• Data extract
▼▼▼

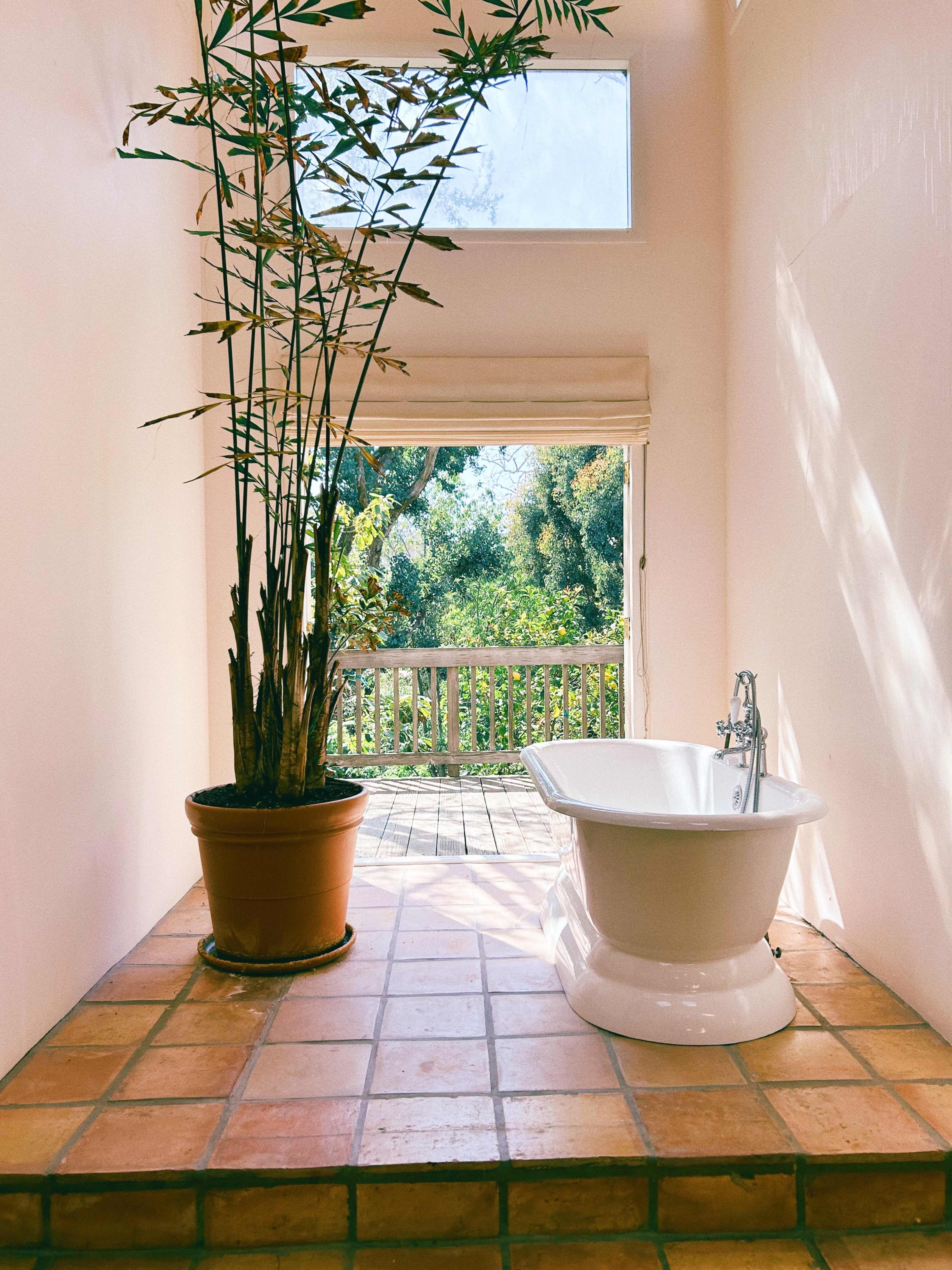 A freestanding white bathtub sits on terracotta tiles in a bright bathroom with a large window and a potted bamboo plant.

▲▲▲
▼▼▼

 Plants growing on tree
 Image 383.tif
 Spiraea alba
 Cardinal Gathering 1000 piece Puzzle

▲▲▲
▼▼▼

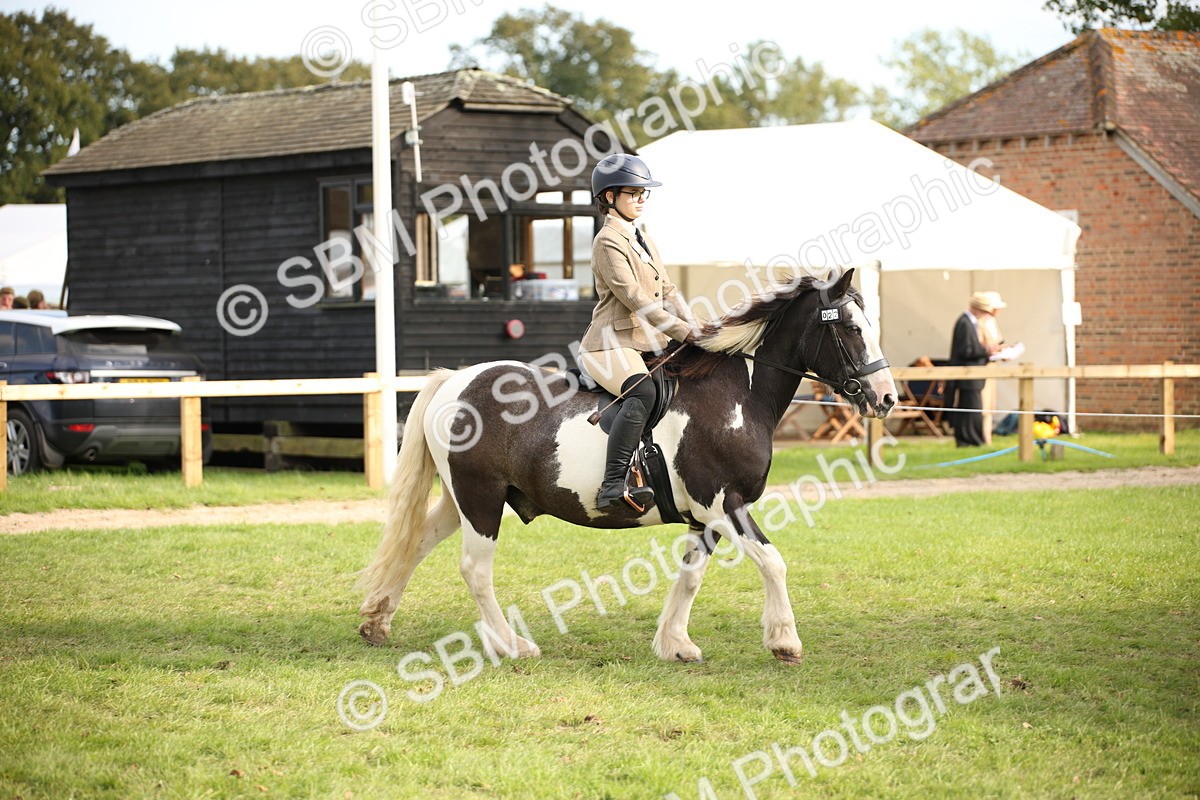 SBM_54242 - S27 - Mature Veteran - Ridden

▲▲▲

• Instructions for the task
Please output exactly the lines between the one holding "Plants growing on tree" and the one holding "Cardinal Gathering 1000 piece Puzzle" in the records above, inclusive, and nothing more.

• Solution to the problem
 Plants growing on tree
 Image 383.tif
 Spiraea alba
 Cardinal Gathering 1000 piece Puzzle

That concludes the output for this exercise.